▽
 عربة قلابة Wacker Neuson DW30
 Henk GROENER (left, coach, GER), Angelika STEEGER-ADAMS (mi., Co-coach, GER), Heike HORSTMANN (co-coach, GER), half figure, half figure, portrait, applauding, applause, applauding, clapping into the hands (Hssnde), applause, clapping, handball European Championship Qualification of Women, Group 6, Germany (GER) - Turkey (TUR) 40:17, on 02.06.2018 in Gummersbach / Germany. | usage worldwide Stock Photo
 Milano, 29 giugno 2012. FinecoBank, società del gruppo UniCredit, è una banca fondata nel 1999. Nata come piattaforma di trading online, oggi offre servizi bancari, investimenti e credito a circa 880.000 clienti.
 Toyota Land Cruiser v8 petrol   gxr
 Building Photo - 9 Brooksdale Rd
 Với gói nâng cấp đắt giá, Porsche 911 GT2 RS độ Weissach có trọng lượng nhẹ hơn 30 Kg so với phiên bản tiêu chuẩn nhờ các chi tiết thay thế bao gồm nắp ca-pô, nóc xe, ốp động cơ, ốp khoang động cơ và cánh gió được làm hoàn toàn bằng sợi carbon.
△
▽
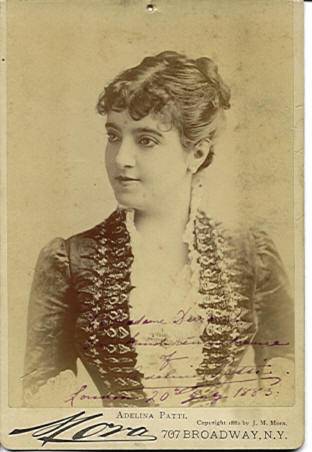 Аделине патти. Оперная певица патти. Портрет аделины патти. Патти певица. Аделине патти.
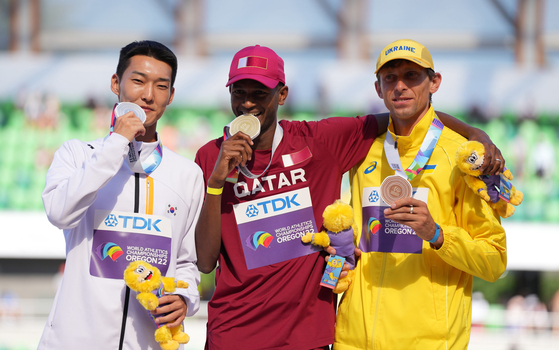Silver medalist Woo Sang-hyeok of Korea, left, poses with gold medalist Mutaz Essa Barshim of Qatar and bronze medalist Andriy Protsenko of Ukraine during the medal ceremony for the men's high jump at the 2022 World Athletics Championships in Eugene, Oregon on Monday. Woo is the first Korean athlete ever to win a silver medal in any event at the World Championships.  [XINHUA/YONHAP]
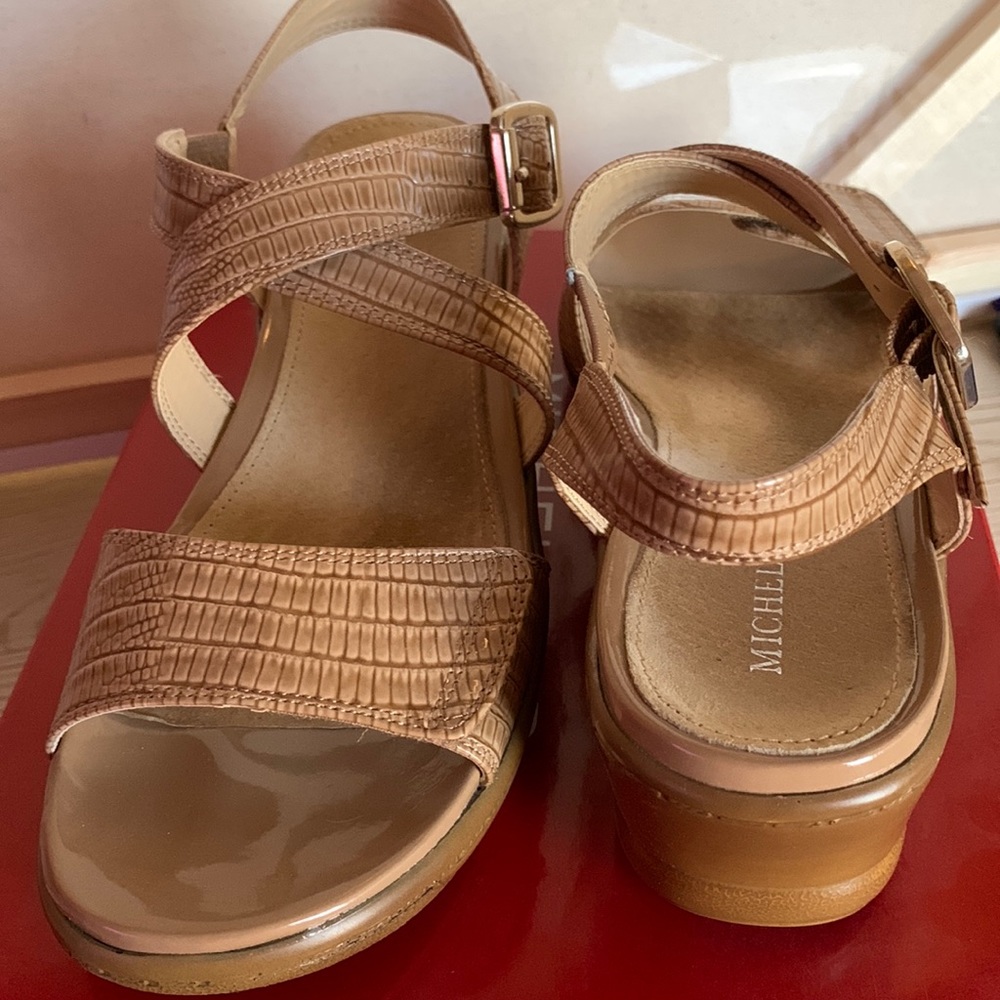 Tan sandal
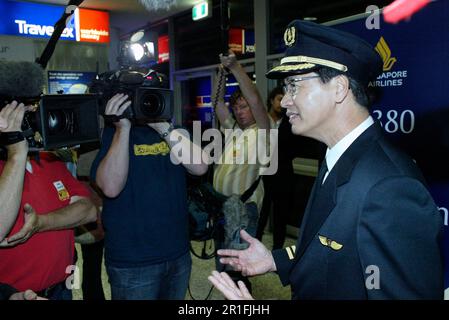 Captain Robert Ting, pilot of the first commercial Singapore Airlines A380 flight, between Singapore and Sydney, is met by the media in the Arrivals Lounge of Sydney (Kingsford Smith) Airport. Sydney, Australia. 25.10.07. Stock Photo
△
## Problem description
In the entries above, the lines between the one holding "Milano, 29 giugno" and the one holding "Building Photo - 9 Brooksdale Rd", inclusive, are to be printed exactly as written, and those alone.

## Result below
 Milano, 29 giugno 2012. FinecoBank, società del gruppo UniCredit, è una banca fondata nel 1999. Nata come piattaforma di trading online, oggi offre servizi bancari, investimenti e credito a circa 880.000 clienti.
 Toyota Land Cruiser v8 petrol   gxr
 Building Photo - 9 Brooksdale Rd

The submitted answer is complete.